Research & Papers

ArtHOI: Taming Foundation Models for Monocular 4D Reconstruction of Hand-Articulated-Object Interactions

New CVPR 2026 method uses foundation models to create 3D+time models from monocular footage.

Deep Dive

A research team led by Zikai Wang has developed ArtHOI, a novel computer vision framework that solves the previously unexplored challenge of reconstructing 4D interactions between human hands and articulated objects from single monocular videos. Unlike existing methods limited to rigid objects or requiring multi-view setups, ArtHOI leverages recent foundation models through an optimization-based approach that refines their often-inaccurate priors. The system's key innovation is its ability to ground normalized object meshes in real-world metric space and align hand-object interactions using physical constraints.
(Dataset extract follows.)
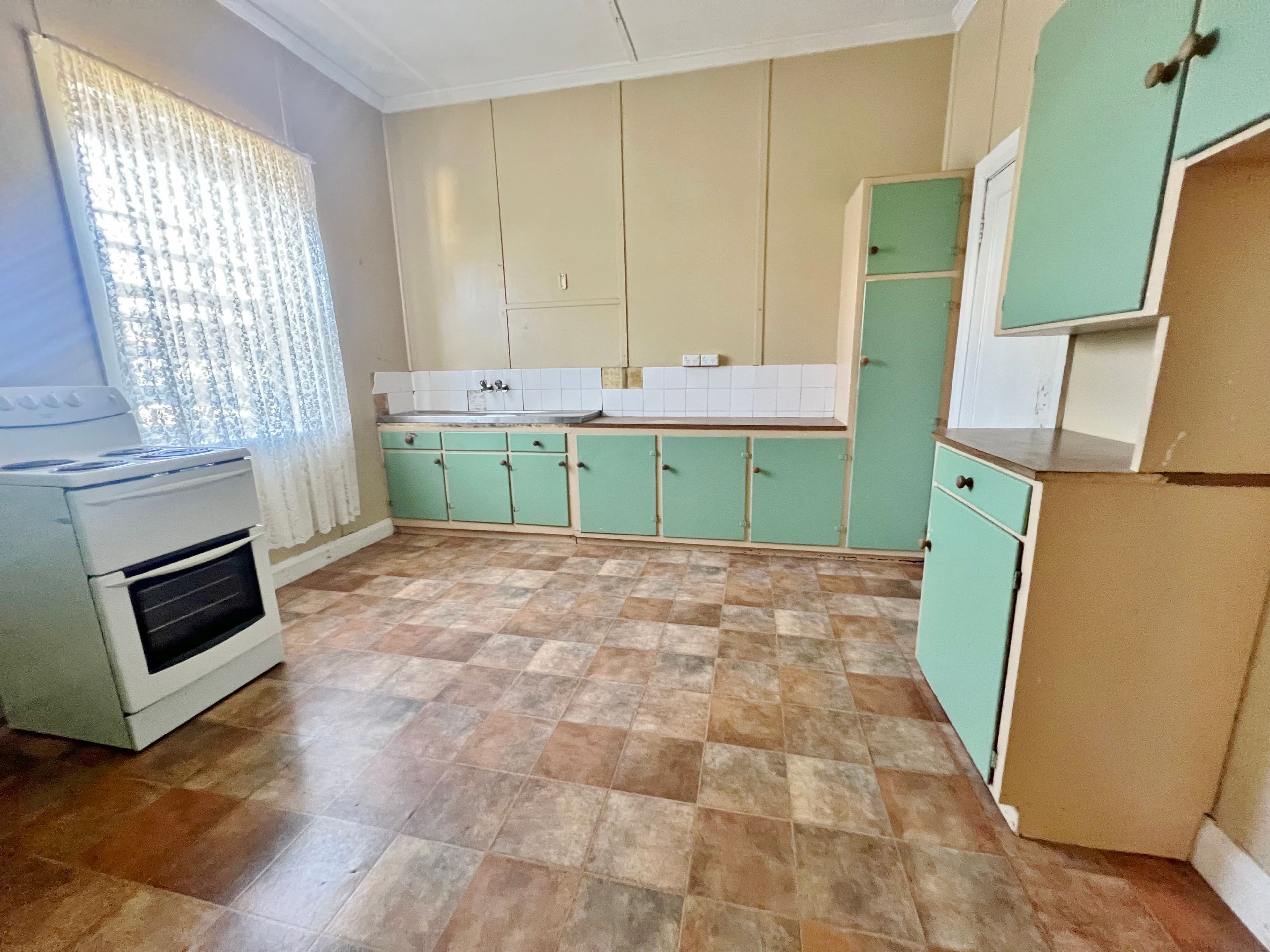 150 William Street, Young NSW 2594, Young - Thumbnail 3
ArtHOI introduces two core technical contributions: Adaptive Sampling Refinement (ASR) for optimizing object scale and pose, and a Multimodal Large Language Model (MLLM) guided method for hand-object alignment that uses contact reasoning as optimization constraints. To validate their approach, the researchers created two new benchmark datasets—ArtHOI-RGBD for controlled settings and ArtHOI-Wild for real-world scenarios—demonstrating robustness across diverse objects and interaction types. The work, accepted to CVPR 2026, represents a significant advance in understanding complex manipulations where both hand and object parts move, such as opening laptop lids or operating scissors.

The framework's practical implications are substantial for fields requiring detailed interaction analysis. By eliminating the need for pre-scanned object models or specialized multi-camera setups, ArtHOI makes high-fidelity 4D reconstruction accessible from ordinary video footage. This opens possibilities for applications in robotics training, AR/VR content creation, and human-computer interaction research where understanding precise manipulation dynamics is crucial.

Key Points
  • Reconstructs 4D (3D+time) hand-articulated-object interactions from single RGB videos, eliminating need for multi-view setups or pre-scanned models
  • Integrates priors from multiple foundation models with novel optimization methods including Adaptive Sampling Refinement and MLLM-guided alignment
  • Validated on new datasets ArtHOI-RGBD and ArtHOI-Wild, accepted to CVPR 2026 with code and project page available

Why It Matters

Enables detailed digital reconstruction of complex manipulations from ordinary video, advancing robotics, AR/VR, and interaction analysis.